**WORK ORDER**
The whole listing is to be written out again exactly; the pictures are not.

**PROVIDED MATERIAL**
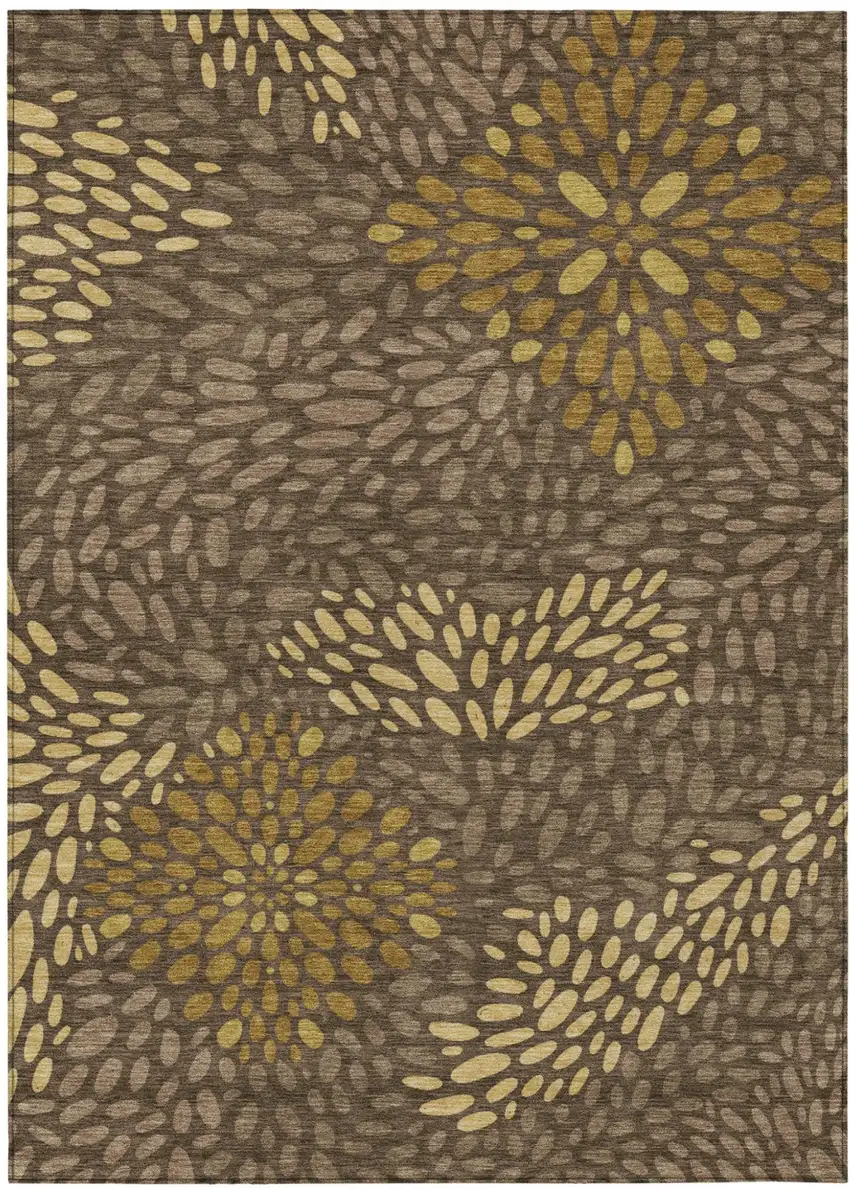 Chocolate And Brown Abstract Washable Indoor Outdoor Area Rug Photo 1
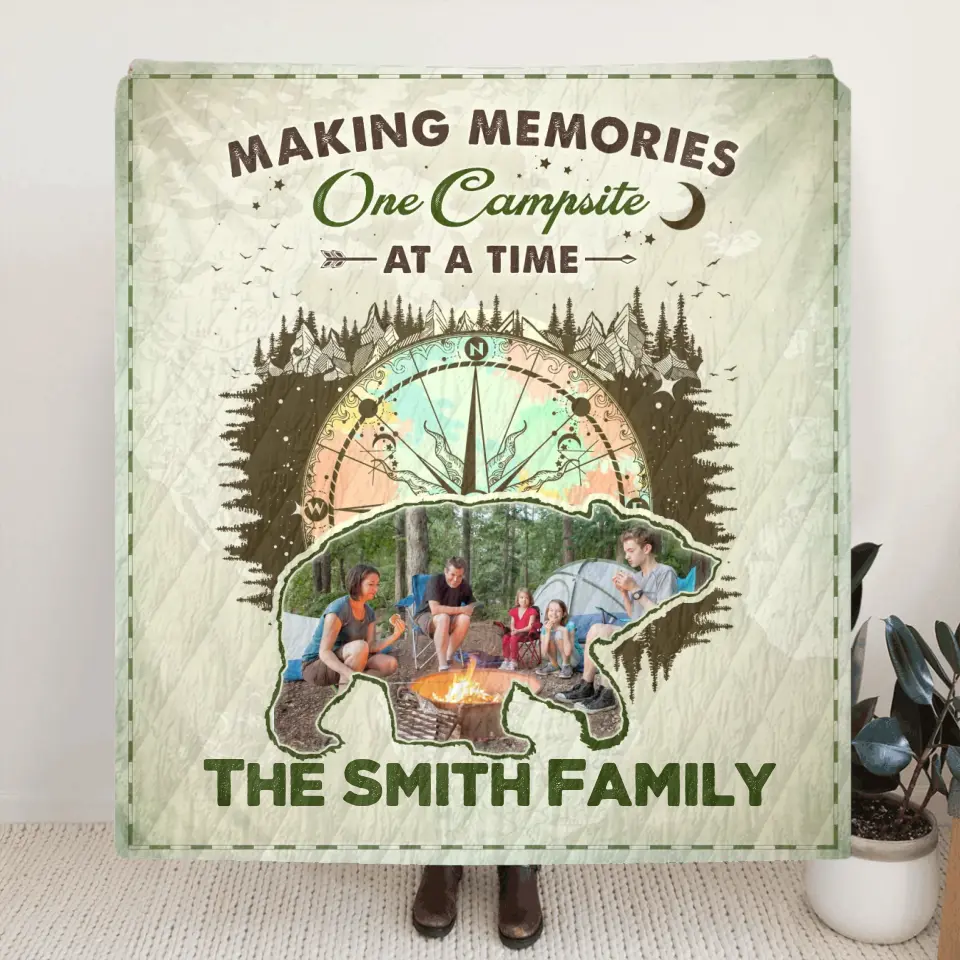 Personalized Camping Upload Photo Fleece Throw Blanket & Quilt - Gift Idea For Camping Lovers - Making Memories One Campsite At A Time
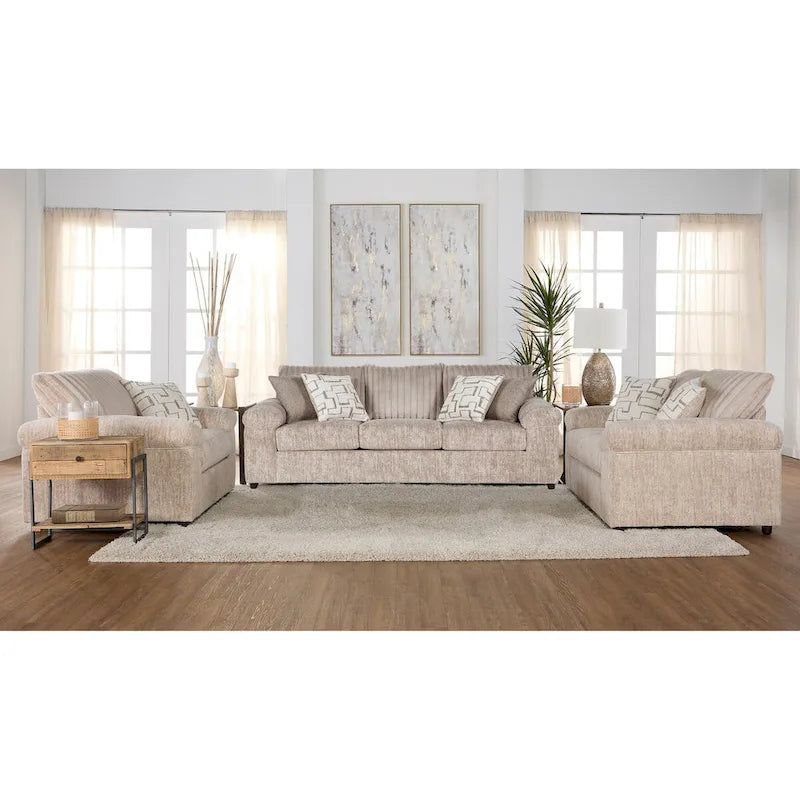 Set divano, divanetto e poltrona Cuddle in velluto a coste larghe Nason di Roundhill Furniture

**RESPONSE BOX**
 Chocolate And Brown Abstract Washable Indoor Outdoor Area Rug Photo 1
 Personalized Camping Upload Photo Fleece Throw Blanket & Quilt - Gift Idea For Camping Lovers - Making Memories One Campsite At A Time
 Set divano, divanetto e poltrona Cuddle in velluto a coste larghe Nason di Roundhill Furniture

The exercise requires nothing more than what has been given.